More than 28,000 people have disappeared in Mexico in the decade since the country began its war on drugs, according to a report published 02 July 2016 by the Mexican Commission for the Defense and Promotion of Human Rights. Unlike the disappeared from Argentina's Dirty War, and other campaigns of state repression in Latin America during the Cold War period, the reason 28,161 people are listed in the Missing or Disappeared People National Registry is not necessarily tied to any leftist activism. But just as state officials in Argentina, Paraguay, Chile, Honduras, Guatemala and elsewhere were slow to investigate the disappearances, so too have Mexican officials been reluctant to account for the missing.
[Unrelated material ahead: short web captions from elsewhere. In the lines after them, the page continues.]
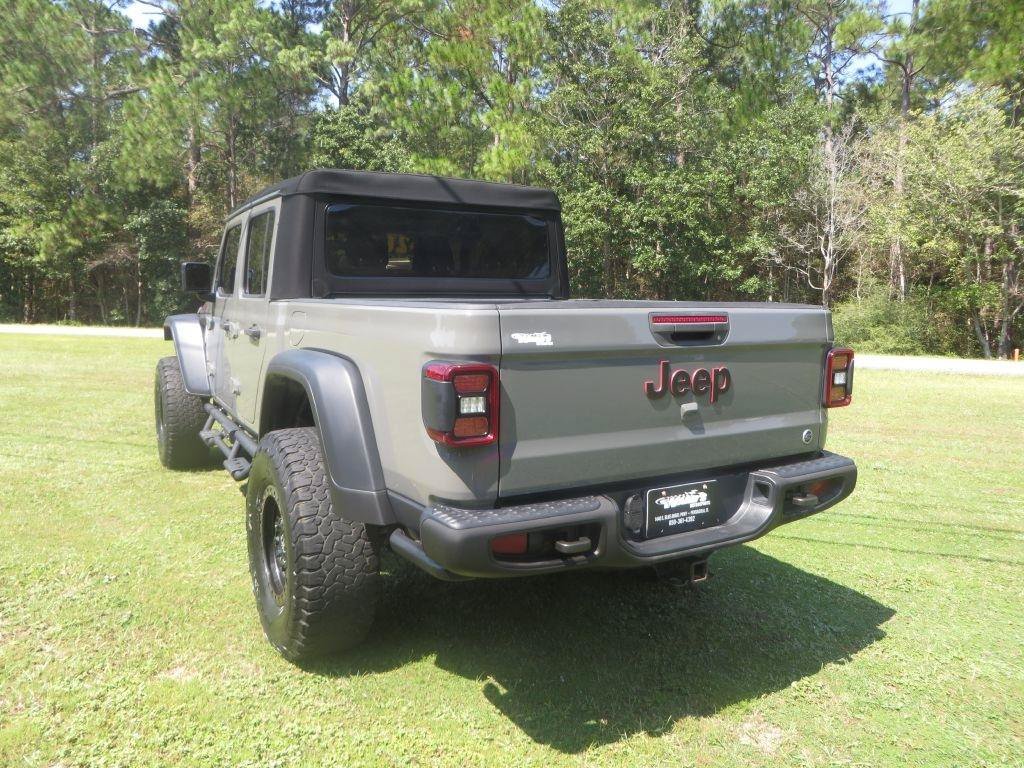 Used 2020 Jeep Gladiator Rubicon w/ Cold Weather Group AWD/4WD image 8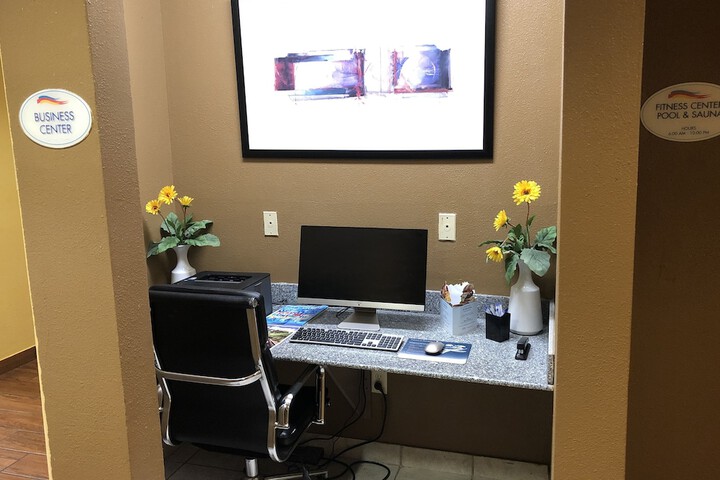 Business Center 31 of 32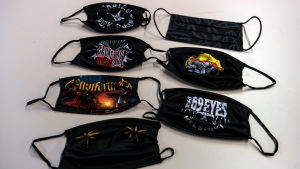 Munskydd av tyg. Kasvomaskeja Backstage Rock Shopin varastossa Tampereella.
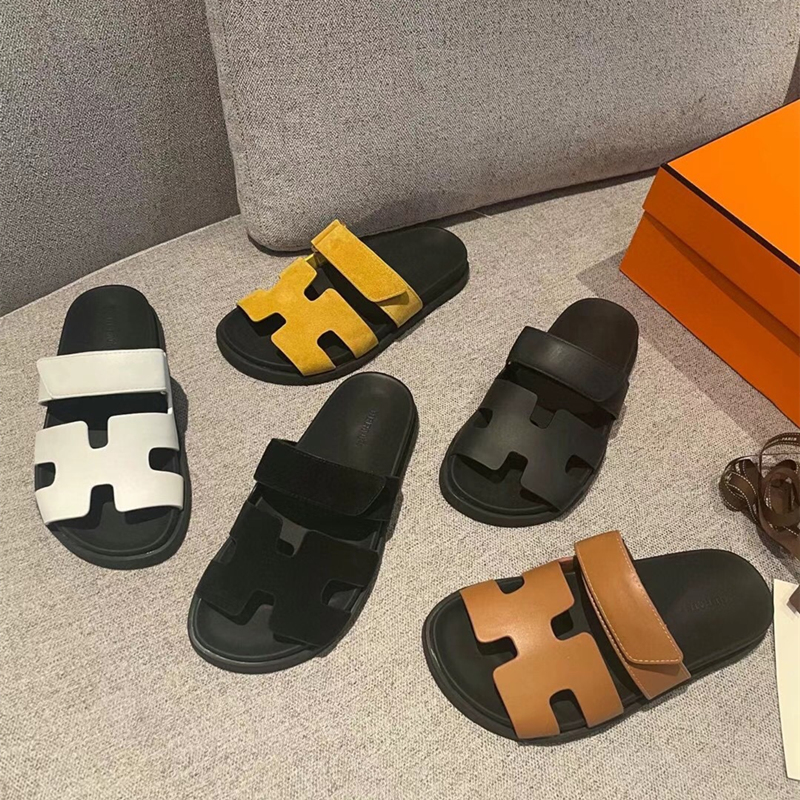 Luxury brand sandals senior designer Patent Leather classic h summer women's shoes fashion beach slippersBlack white brown 35-40, Black cowhide 
Luxury brand sandals senior designer Patent Leather classic h summer women's shoes fashion beach slippersBlack white brown 35-40, Black cowhide
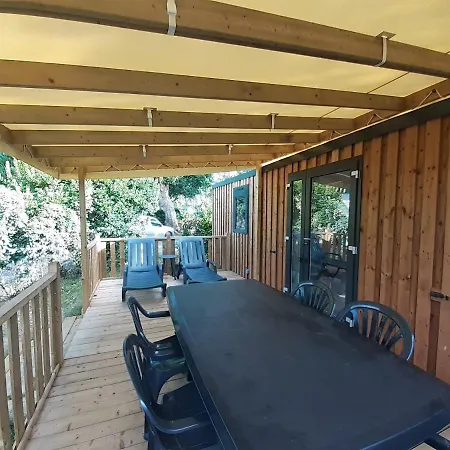 Parque de Campismo Chez Laura Et Cyril Gujan-Mestras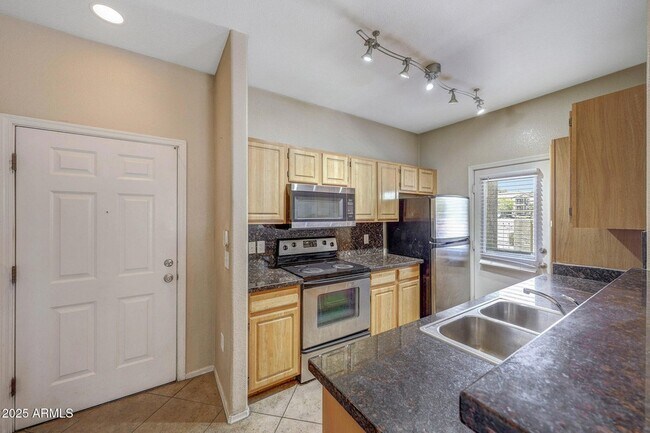 Building Photo - 2929 W Yorkshire Dr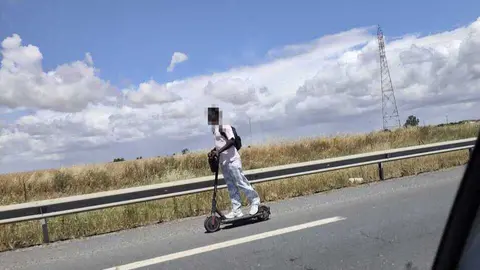 Joven con patinete y sin protecci&oacute;n por la H-31
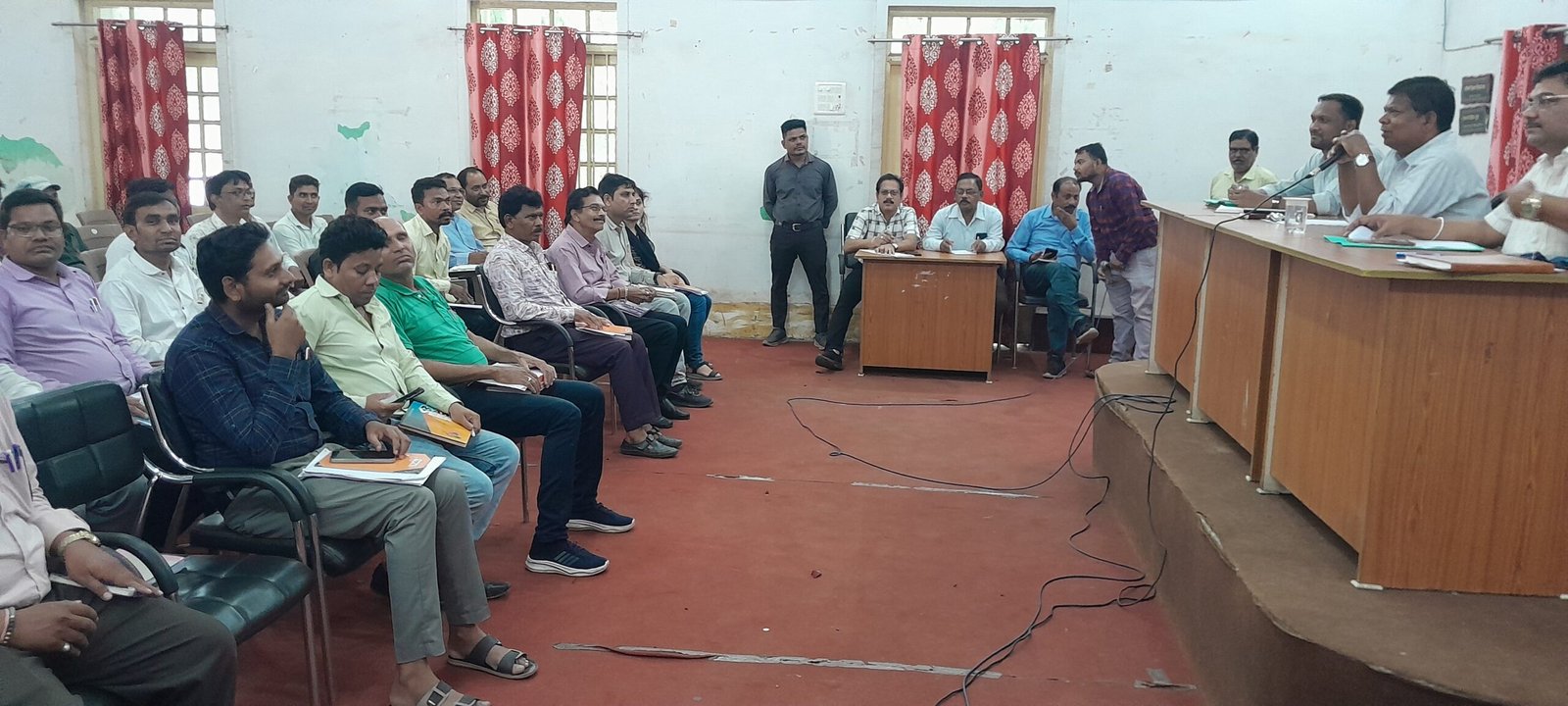 निगम की राजस्व बैठक : 20 दिनों में 1.50 करोड़ से ज्यादा की वसूली, आयुक्त मरकाम ने 3 अफसरों को किया पुरस्कृत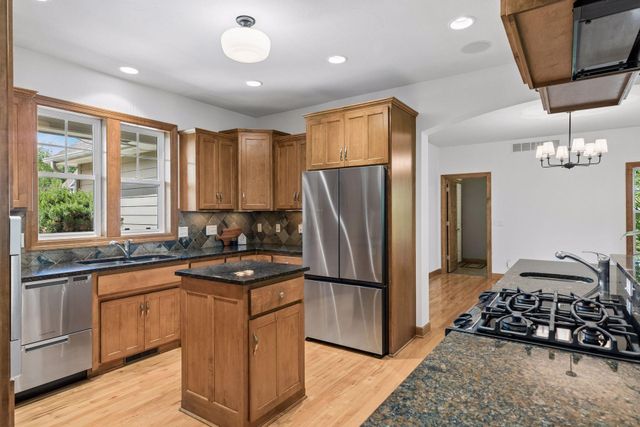 3958 Greystone Ridge, Eagan, MN 55122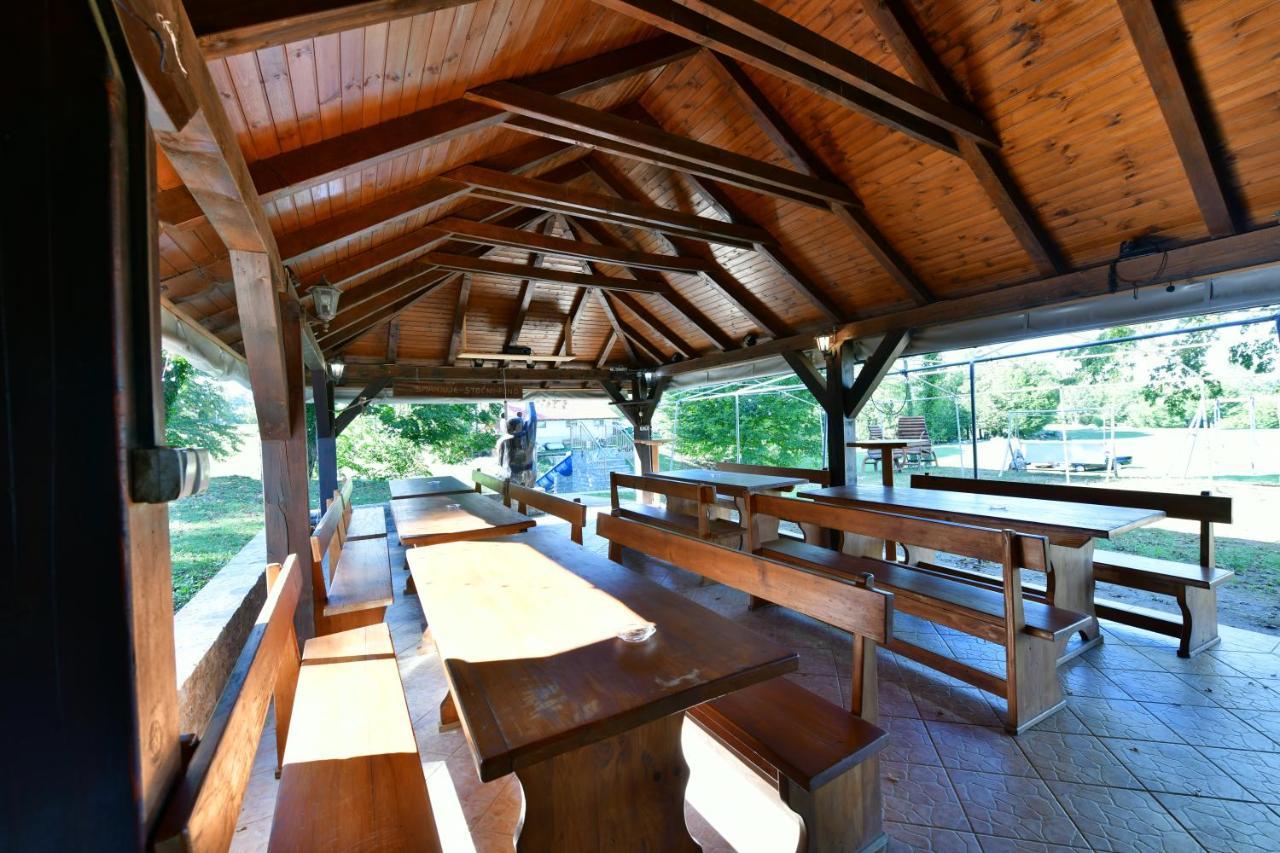 Deluxe Apartments Franjkovic Selište Drežničko Buitenkant foto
The commission concluded that people who disappear, as if in thin air, has become an altogether "normal situation for many institutions."

Mexican government figures released July 21, 2016 said homicides rose 15.4 percent in the first half of 2016 from the same period in 2015. The 9,413 killings committed from January through June 2016 were also 6 percent higher than the number of homicides in the last six months of 2015. While the figures remained below those for 2011, the peak year for violence during Mexico's drug war, they marked a continuing rebound in killings. Almost all the progress that President Enrique Pena Nieto had boasted of in reducing Mexico's violence has now been erased.

The Mexican army has been fighting a war with drug traffickers since December 2006 when then President Felipe Calderon declared a “war on drugs.” On 09 December 2016 Mexico's defense secretary called for all troops fighting the drug cartels across the violence-ravaged country to return to their military headquarters and quit fighting a battle that should be handled by law enforcement. "We did not ask to be here, we do not feel comfortable here, we did not train to pursue criminals, our role is another and it has been distorted," said General Salvador Cienfuegos. "We would love the police forces to do their job ... but they don't." General Cienfuegos had always opposed the so-called war on drugs.

The Mexican army had been fighting a war with drug traffickers since December 2006 when then President Felipe Calderon declared a “war on drugs.” This period accounts for some of the bloodiest years that has left close to 200,000 people dead, at least 28,000 disappeared, and at least 8,000 cases of torture documented since 2007. This militarized drug war policy was continued by President Enrique Peña Nieto.

"Ten years ago it was decided that the police should be rebuilt, and we still haven't seen that reconstruction," Cienfuegos said. "To sum it up, there are a large number of deaths that shouldn't be happening ... This isn't something that can be solved with bullets; it takes other measures and there hasn't been decisive action on budgets to make that happen." Within the framework of international law, human rights organizations have accused the Mexican government of committing crimes against humanity due to the number of documented cases of extrajudicial killings, forced disappearances and torture. These crimes have been committed repeatedly since the Mexican government began its war with drug cartels.

The United Nation argued 14 December 2016 that the militarization of public security in Mexico was a “mistake” as the country marked 10 years since the government began to deploy troops in a drug war that has killed and disappeared tens of thousands of people. “We do not have this opinion simply because we want to make someone feel uncomfortable or because we are against the current legislation," said the chairman of the U.N. Committee on Enforced Disappearances, or CED, Santiago Corcuera. "But the reality is that the militarization of public security has been a mistake in all parts of the world, and that is proven." The UN envoy stressed that it was necessary to reconfigure police forces, which need to be adequately trained in order to be able to tackle organized crime and take direct responsibility for all tasks concerning public security, as opposed to deferring to the military.